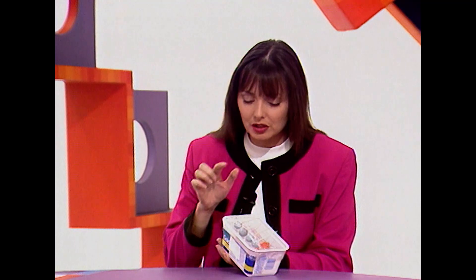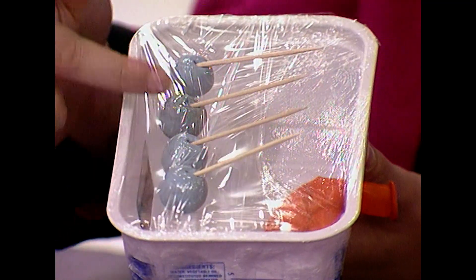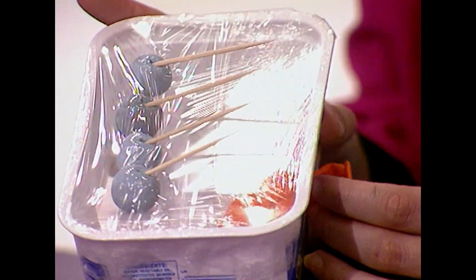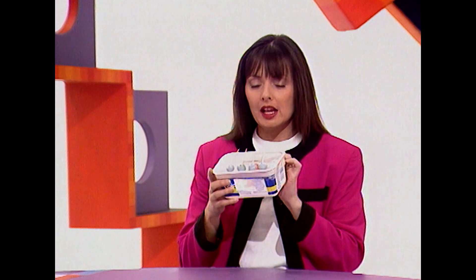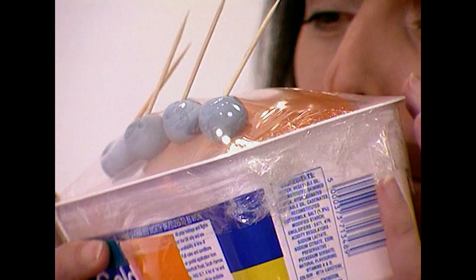These toothpicks are hairs. These blue bits here are the roots or the follicles. This plastic is the skin. And the orange balloon is the muscle. Now, what happens when you are excited or extremely cold very suddenly? The muscle contracts — like so.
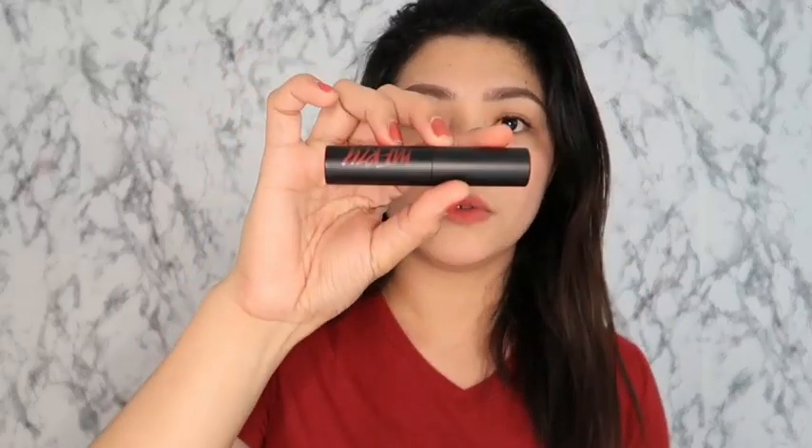Now we're going to swatch and review the Merzee lip tint. This is also a Korean brand, guys. This is the box. I have three shades here: V7, V6, and V10. I bought it from an online store. First shade is V10 — this is what it looks like. The container is sturdy and comes in black color.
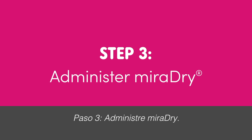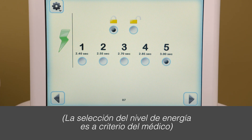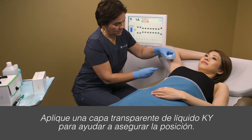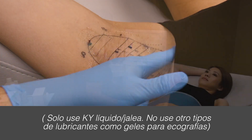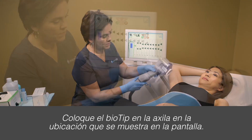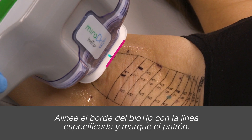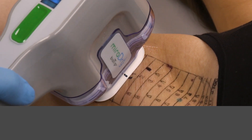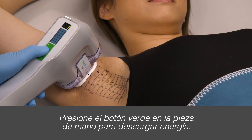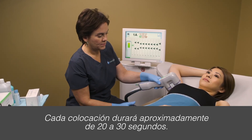Step 3: Administer Miradry. Choose the appropriate energy level. Apply a sheer layer of KY liquid to help tissue acquisition. Place the bio tip on the underarm at the location displayed on the screen. Align the edge of the bio tip with the specified line and tick mark of the pattern. Press the green button on the handpiece to deliver energy. Each placement will last approximately 20 to 30 seconds.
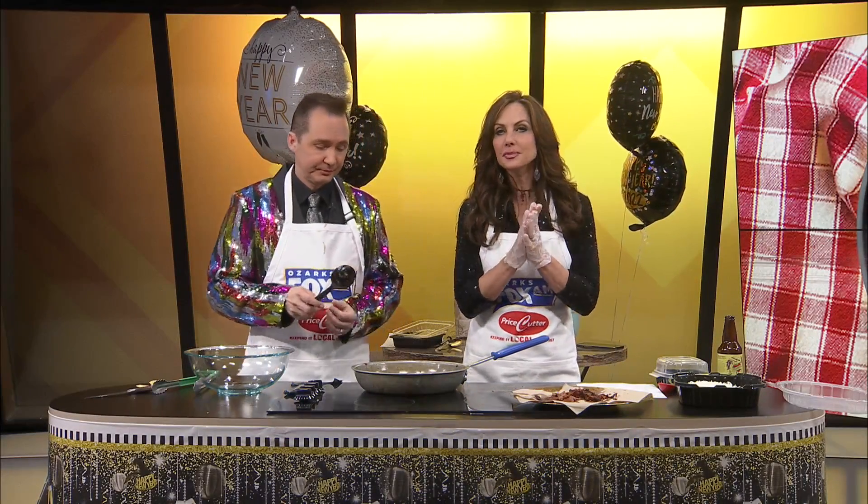Welcome back to Dishin' It. We're going to try this bacon caramelized onion queso fondito soon.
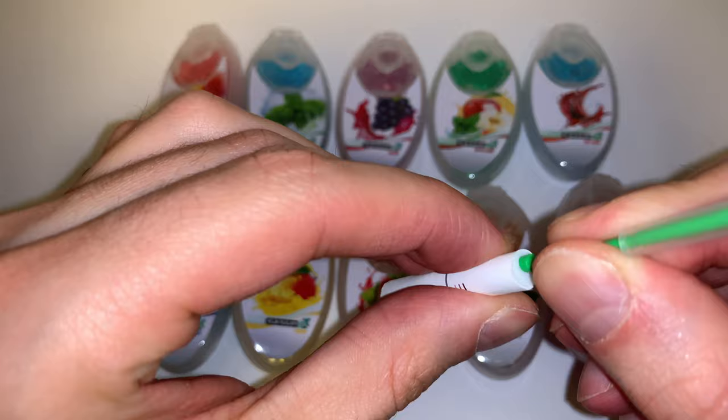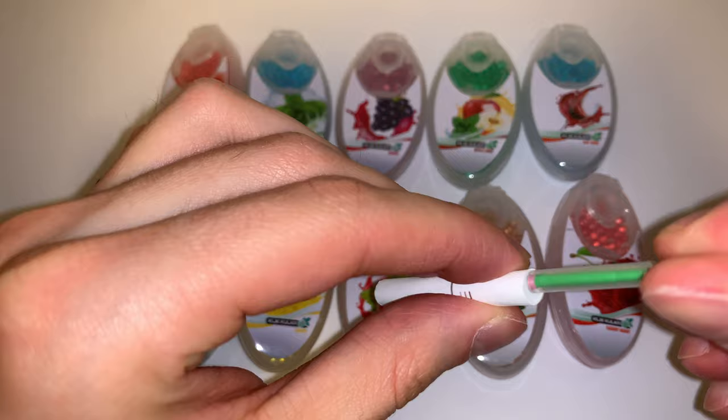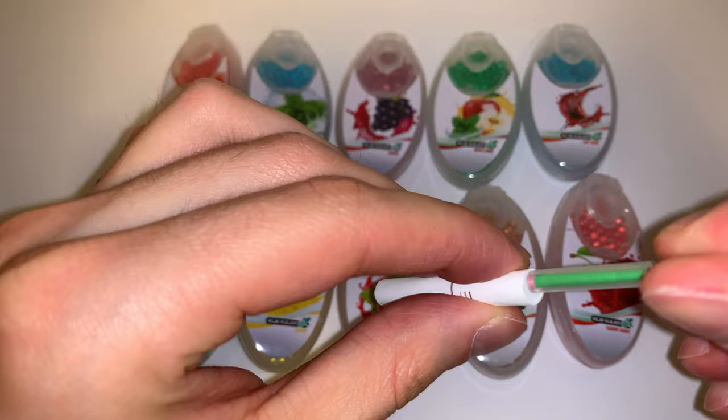Next, poke a hole into your preferred filter. Now, apply the Klikkulka ball into the filter.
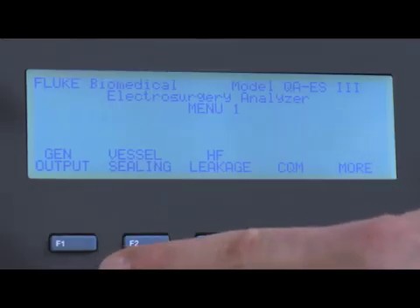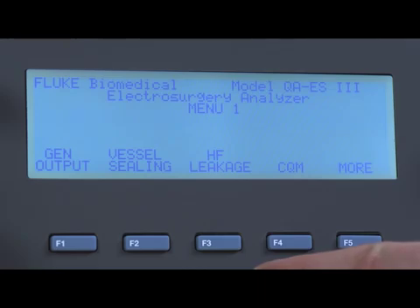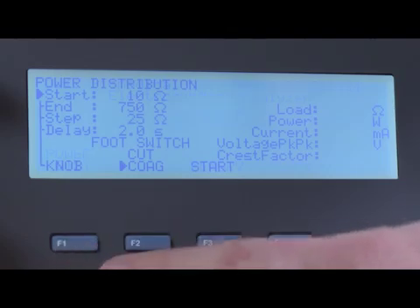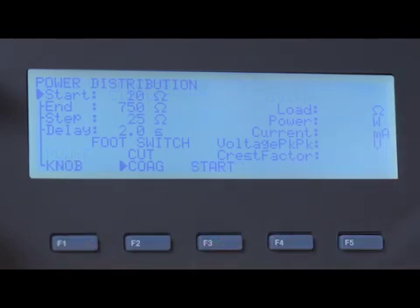The QAES-3 collects all measurements including vessel sealing, high frequency HF leakage, contact quality monitor, and output power distribution in single or continuous mode. It also measures cut and coag waveforms with either monopolar or bipolar outputs.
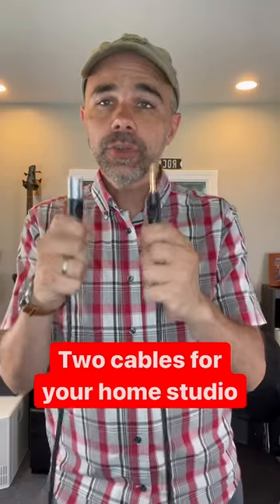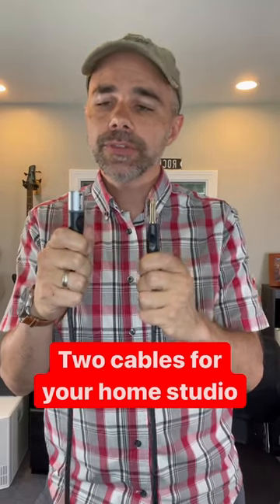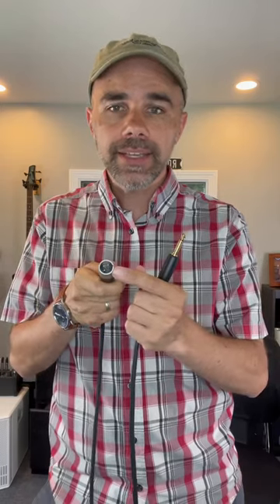Hey Fran, Eric from Miller Music. Two cables you'll need for your home studio. The first is your standard XLR cable. This has three prongs on it — one is the left channel, the other is the right, and then the third is the ground channel. This is meant for microphones.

--------------------------------------------------

What the exercise asks:
Only the lines from the beginning of the listing through the line with "Next, poke a", both ends included, are to be repeated exactly; pictures stay out.

Worked solution:
These toothpicks are hairs. These blue bits here are the roots or the follicles. This plastic is the skin. And the orange balloon is the muscle. Now, what happens when you are excited or extremely cold very suddenly? The muscle contracts — like so.
Now we're going to swatch and review the Merzee lip tint. This is also a Korean brand, guys. This is the box. I have three shades here: V7, V6, and V10. I bought it from an online store. First shade is V10 — this is what it looks like. The container is sturdy and comes in black color.
Step 3: Administer Miradry. Choose the appropriate energy level. Apply a sheer layer of KY liquid to help tissue acquisition. Place the bio tip on the underarm at the location displayed on the screen. Align the edge of the bio tip with the specified line and tick mark of the pattern. Press the green button on the handpiece to deliver energy. Each placement will last approximately 20 to 30 seconds.
Welcome back to Dishin' It. We're going to try this bacon caramelized onion queso fondito soon.
Next, poke a hole into your preferred filter. Now, apply the Klikkulka ball into the filter.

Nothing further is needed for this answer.